History

United States
- Ordered: as Emma Duncan
- Laid down: date unknown
- Launched: 1860
- Acquired: March 1863
- Commissioned: April 1863
- Decommissioned: 7 July 1865
- Stricken: 1865 (est.)
- Fate: Sold, 17 August 1865

General characteristics
- Displacement: 293 tons
- Length: 173 ft (53 m)
- Beam: 34 ft 2 in (10.41 m)
- Depth of hold: 5 ft 4 in (1.63 m)
- Propulsion: steam engine; side wheel-propelled;
- Speed: not known
- Complement: not known
- Armament: two 30-pounder guns; two 32-pounder guns; four 24-pounder guns;

= USS Hastings =

Gunboat of the United States Navy

USS Hastings was a steamer purchased by the Union Navy during the American Civil War. She was used by the Union Navy as a gunboat assigned to patrol Confederate waterways.

Hastings, a small wooden gunboat, was built as Emma Duncan in 1860 at Monongahela, Pennsylvania, and operated as a river transport out of Cincinnati, Ohio. She was purchased at Cairo, Illinois, in March 1863 from J. Bachelor. Fitted out and ready for service in April; her first commanding officer was Acting Master W. N. Griswold. Rear Admiral David Dixon Porter recommended that her name be changed to Hastings 7 April 1863.

== Hastings receives battle damage in Confederate waterways ==

One of the group of lightly built steamers which bore the brunt of the war on the Mississippi River tributaries, Hastings was initially assigned to the Tennessee River. While steaming upriver to report for duty, she received her baptism of fire when attacked by Confederate guerrillas near Green Bottom Bar 24 April. Captain Griswold rounded to and engaged the Confederates for a time, after which they withdrew. The light gunboat was hulled seven times and suffered three casualties in the action.

== Assisting General Sherman’s march ==

Hastings then assumed duty as a convoy ship for Union Army transports on the Tennessee River. In May she was sent briefly for duty at the mouth of the Yazoo River, but was soon back on the Tennessee. She arrived in Eastport, Mississippi, 26 October 1863 to assist General William Tecumseh Sherman's troops in crossing the river during operations culminating in the Third Battle of Chattanooga, and steamed to Paducah, Kentucky, when that city was threatened by Confederate cavalry 8 November. In need of repairs, Hastings returned to the Naval Station at Cairo, Illinois, 16 December.

== Louisiana operations in support of General Kilby Smith ==

Hastings resumed active patrolling in April 1864, and was detailed to convoy General Thomas Kilby Smith's transports from Springfield Landing to Grand Ecore, Louisiana. Union troops had suffered defeat at the Battle of Pleasant Hill, and the land portion of the Red River Campaign was deemed a failure.

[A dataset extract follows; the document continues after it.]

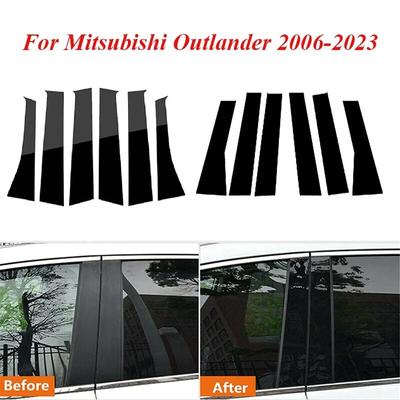 Sloupky sloupků dveří auta pro Mitsubishi Outlander 2006-2023 Nálepka na lemování okna BC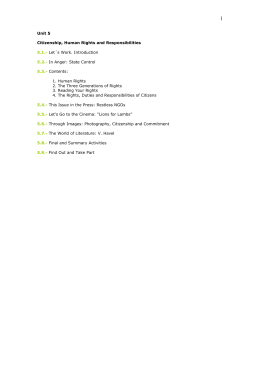 UNIT 5: Citizenship, Human Rights and Responsabilities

Covering the withdrawal of Smith's troops, Hastings took part 12 April in an engagement with Confederate cavalry and artillery near Blair's Landing. After a fierce engagement, in which Hastings fought at the rear of the transport group, the convoy passed downriver.

== Action at Fort Pillow, Tennessee ==

As the pace of Confederate attacks in Tennessee heightened, Hastings was sent to Fort Pillow, Tennessee, to protect it from capture, but was unable to get there in time to help the surrounded city and give assistance to , the only gunboat present. Arriving 14 April, however, Hastings shelled the woods in the area of the city. During this period, the veteran gunboat was acting as flagship for the resourceful commander of the 7th District, Mississippi Squadron, Lt. Comdr. S. L. Phelps. Subsequently, she operated in the White River, and in June 1864 cooperated with Major General Frederick Steele in his efforts to corner and defeat Confederate cavalry in the Tennessee and White River areas. Hastings patrolled the river, gained intelligence, and convoyed troops in cooperation with the Army.

The gunboat continued her service on the tributaries of the Mississippi River until returning to Cairo, Illinois, early in 1865.

== Post-war decommissioning, sale, and civilian career ==

She decommissioned 7 July 1865 and was sold at Mound City, Illinois, 17 August 1865 to Henry H. Semmes. Hastings was subsequently redocumented Dora in October 1865 and served as a river freighter until 1872.